*** RECORDS SHOWN ***

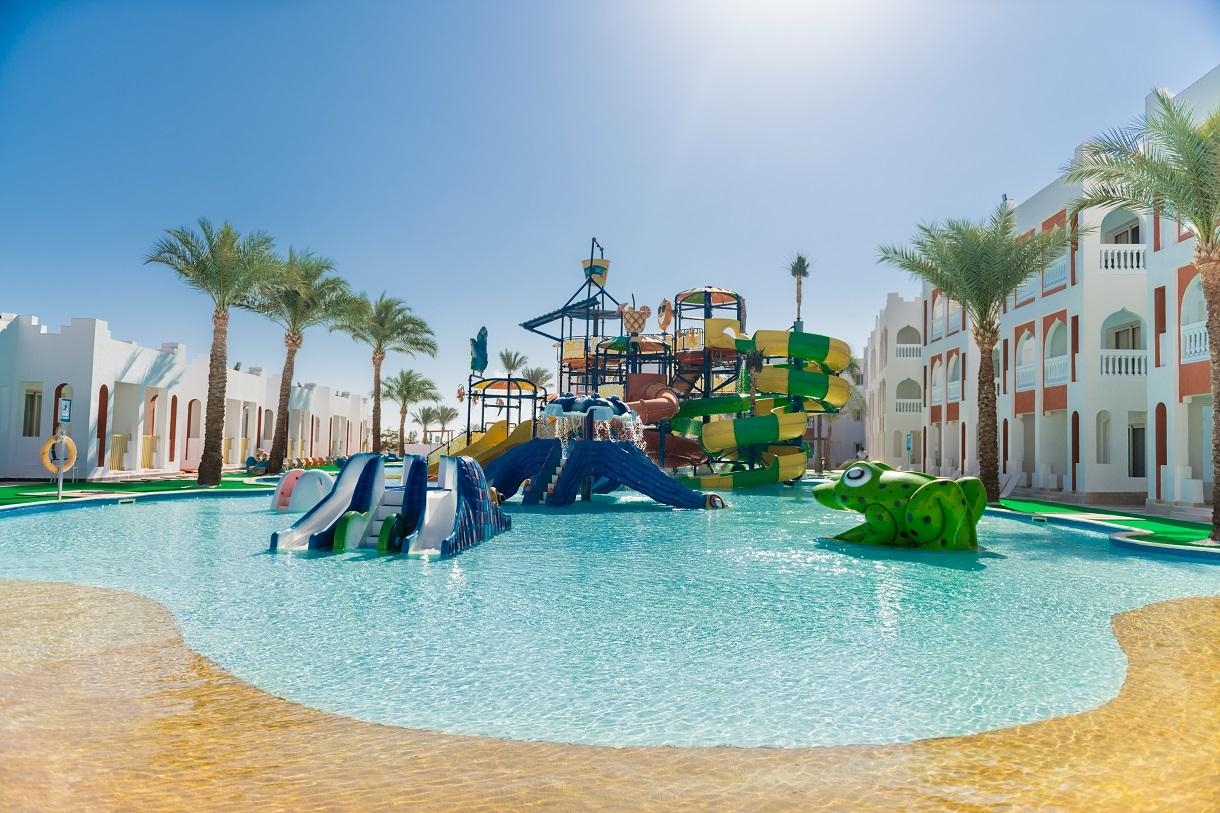 Sunrise Diamond Beach Resort27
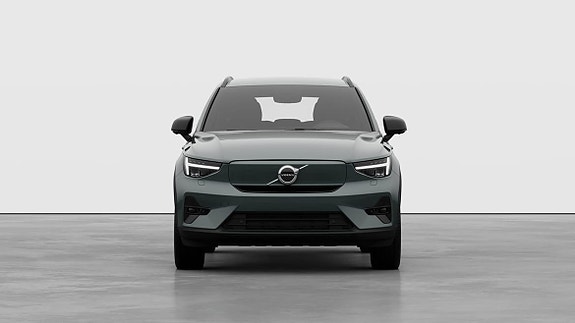 Volvo EX40 2 of 5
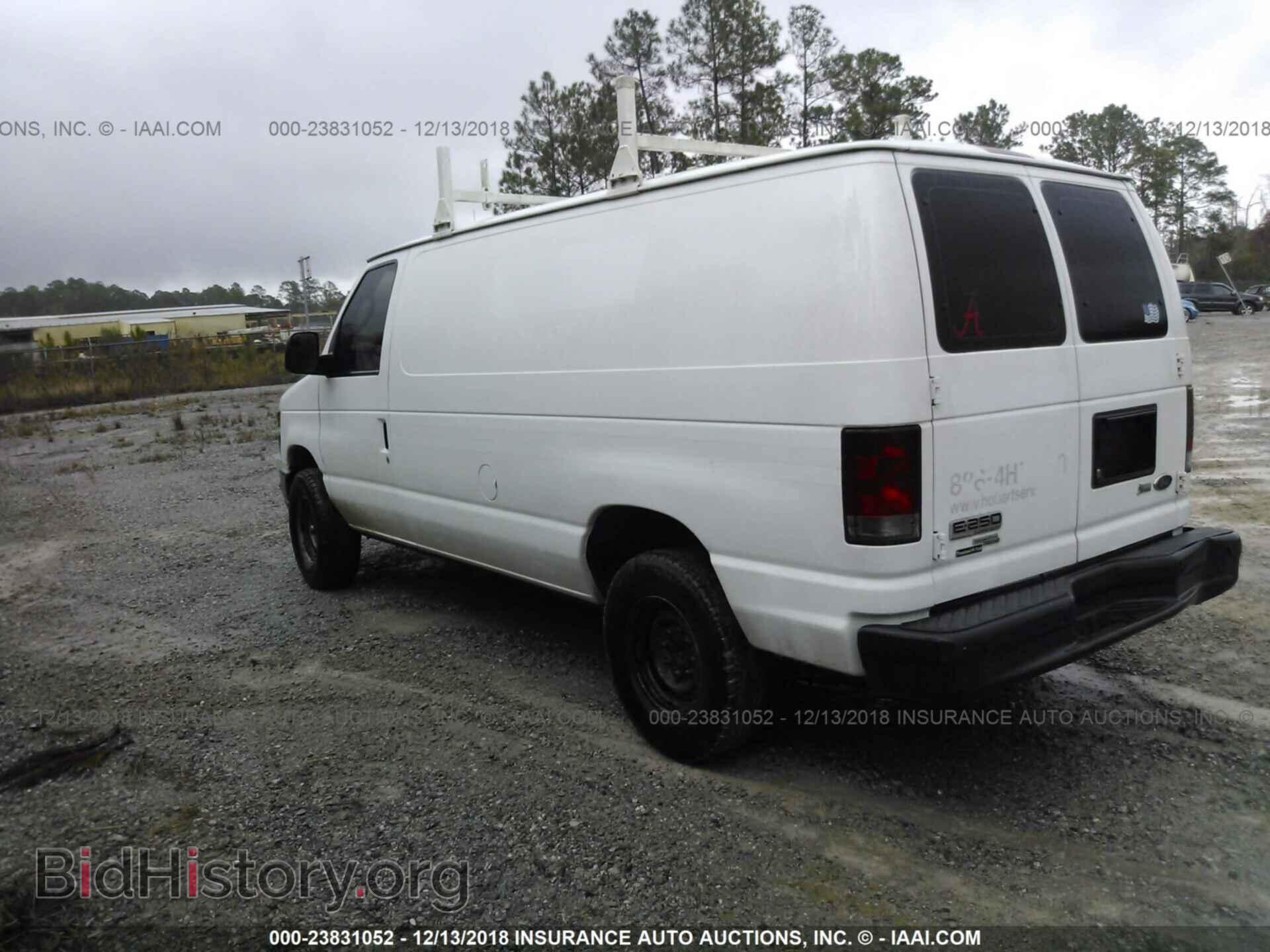 2012 Ford Econoline - VIN: 1FTNE2EL0CDB20402 - Photo 3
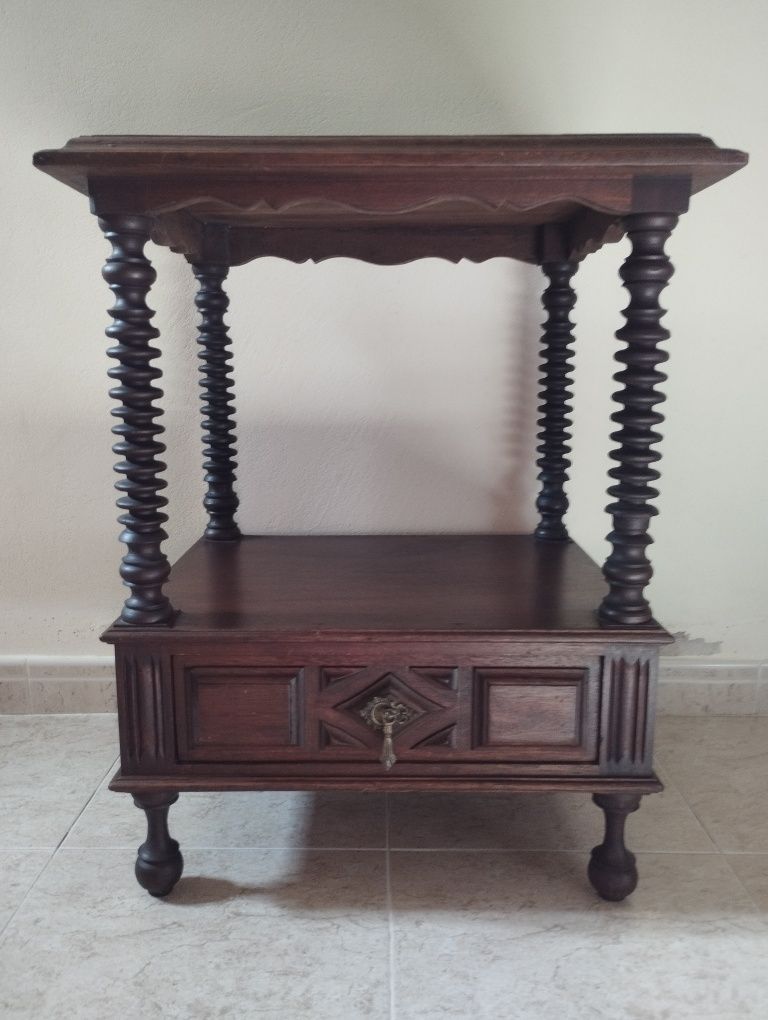 Móveis de quarto, cama.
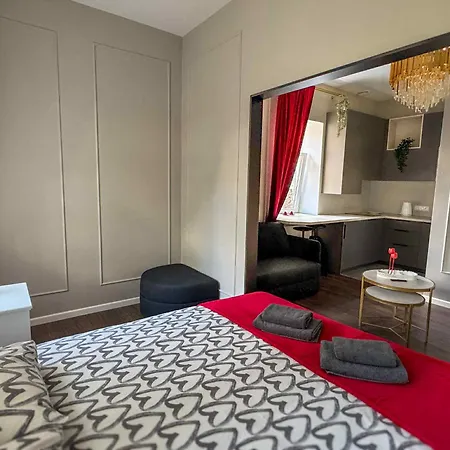 Jacuzzi Overlooking The Tower 公寓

*** End of RECORDS SHOWN ***

→ **WHAT YOU SHOULD DO**
Leaving the pictures behind, return every line above exactly.

→ **SOLUTION FOR THIS TASK**
 Sunrise Diamond Beach Resort27
 Volvo EX40 2 of 5
 2012 Ford Econoline - VIN: 1FTNE2EL0CDB20402 - Photo 3
 Móveis de quarto, cama.
 Jacuzzi Overlooking The Tower 公寓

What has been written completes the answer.